Work to complete: All lines from the beginning of the listing through the line with "Женские кружевные трусики" are to be copied word for word; the pictures are not.

Input data:

----------------------------------------

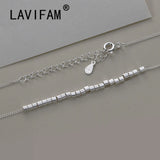 925 Silver Geometric Square Beads Necklace Charm Jewelry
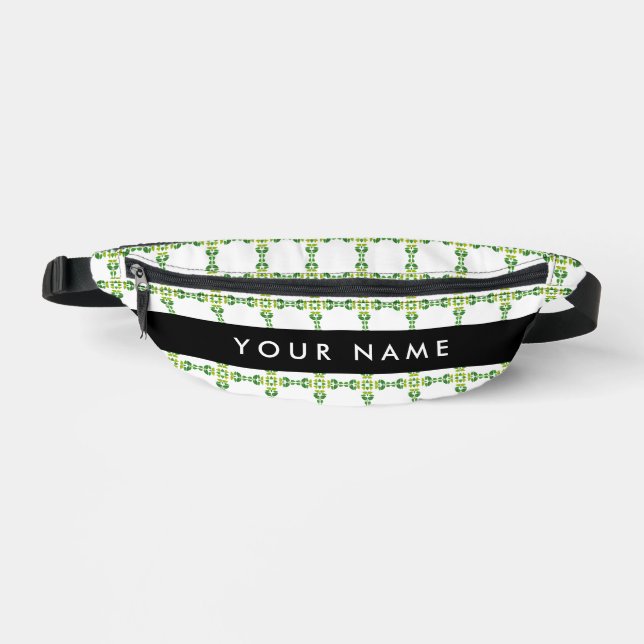 Leaf-Muster, grüne Blätter, Ihr Name Bauchtasche (Vorderseite)
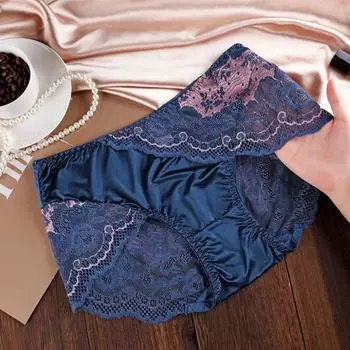 Женские кружевные трусики большого размера: Удобная средняя талия, модальный хлопок, высокая эластичность, осень/зима. XL [70-88kg]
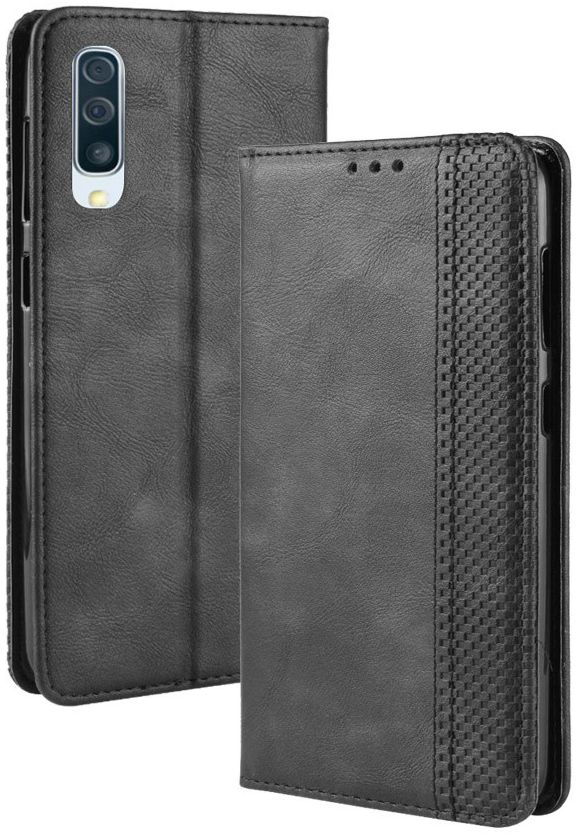 Samsung Galaxy A50 Book Case Hoesje Vintage Wallet Kunst Leer Zwart afbeelding 2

----------------------------------------

Answer to this exercise:
 925 Silver Geometric Square Beads Necklace Charm Jewelry
 Leaf-Muster, grüne Blätter, Ihr Name Bauchtasche (Vorderseite)
 Женские кружевные трусики большого размера: Удобная средняя талия, модальный хлопок, высокая эластичность, осень/зима. XL [70-88kg]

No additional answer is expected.